The treaty is somewhat ambiguous and this ambiguity is heightened by the fact that the Maori and English versions are not the same.  In any case, for most of New Zealand history the treaty had little impact - it didn't prevent the Maori wars which raged through the 1860s and into the early 70s, and in the aftermath, when more orderly processes were returned, a New Zealand court declared it to be 'a complete nullity'.  Yet the process of dispossession continued to require at least a fig-leaf of legality, with a Land Court adjudicating transfers of Maori land.  Often the Maori had no choice but to sell, and the prices determined by the court were a small fraction of the land's market value, but it was far from the open slather of Australian land theft.

It was only in the 1970s that the Treaty started to be taken seriously again as a legal document, and the establishment of the Waitangi Tribunal in 1981 (chaired by a Maori judge) started a long process of restoration and compensation that has since gone at least some way to repairing a century or more of damage.  New Zealand race relations have improved dramatically as a result - lots of places now have dual Maori and English names, including the nation itself, and Maori words are increasingly becoming day-to-day language.  

New Zealand is not yet a paradise of race relations.  There is ongoing inequality, and many injustices are still to be righted.  Nonetheless there is a lot Australians could learn from our nicer sister.  Think for instance of the Australian reception of the Uluru Statement from the Heart with its demand for Voice, Treaty and Truth.  None of these demands have been genuinely accepted by the Australian government - it rejected out of hand the idea of a constitutional 'voice to parliament', electing to work instead towards a legislated advisory committee which First Nations people point out has been tried and failed more than once.  It has taken no steps to start the treaty and truth-telling process.  New Zealand, by contrast, had a treaty signed in 1840 which it revived and put into law in the 1970s, and it has had dedicated Maori seats in parliament throughout its history.  The sky has not fallen and New Zealand remains a peaceful, prosperous nation.  

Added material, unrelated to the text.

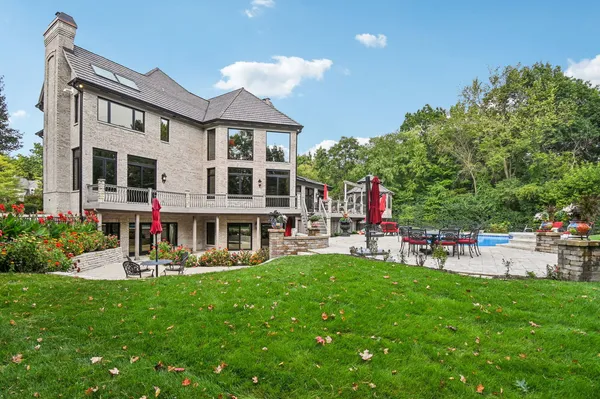 $3,750,000 | 3001 Glen Eagles Court, St. Charles, IL 60174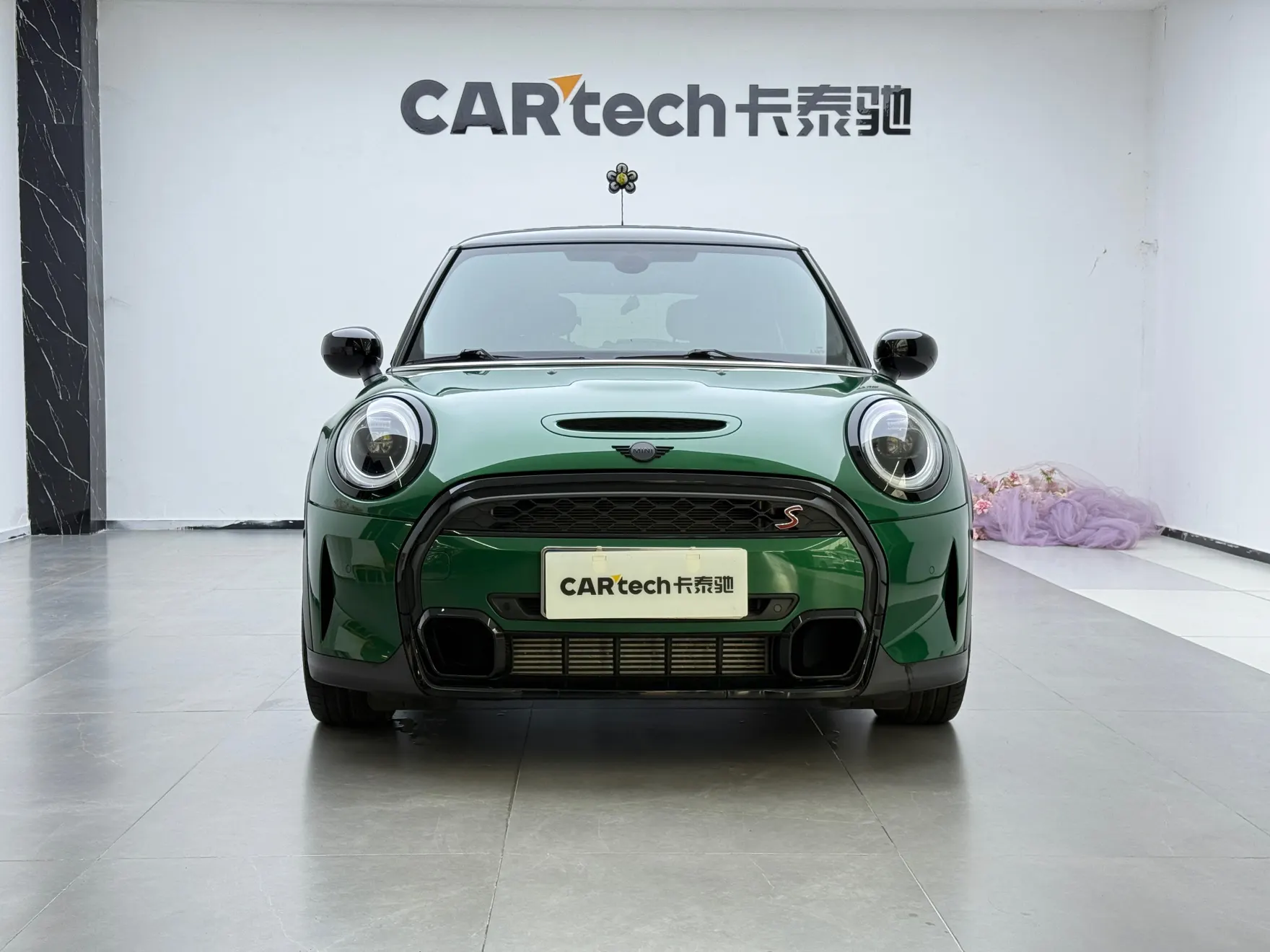 Mini Cooper, 2024 3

Colonialism was never pretty.  Indigenous people were dispossessed and oppressed in the interests of the colonisers.  In the worst cases, like Australia and South America, there was genocide.  In the less worse, like Aotearoa-New Zealand, there was war and dispossession.  All have left a legacy of injustice and inequality which still remains unfinished business in those societies.  But if you want a model of how to begin, don't look to Australia, with its continual gaslighting of Indigenous people and ongoing dreams of colonial completion.  Perhaps, though, look across the Tasman.  They have not solved it, but at least they are trying.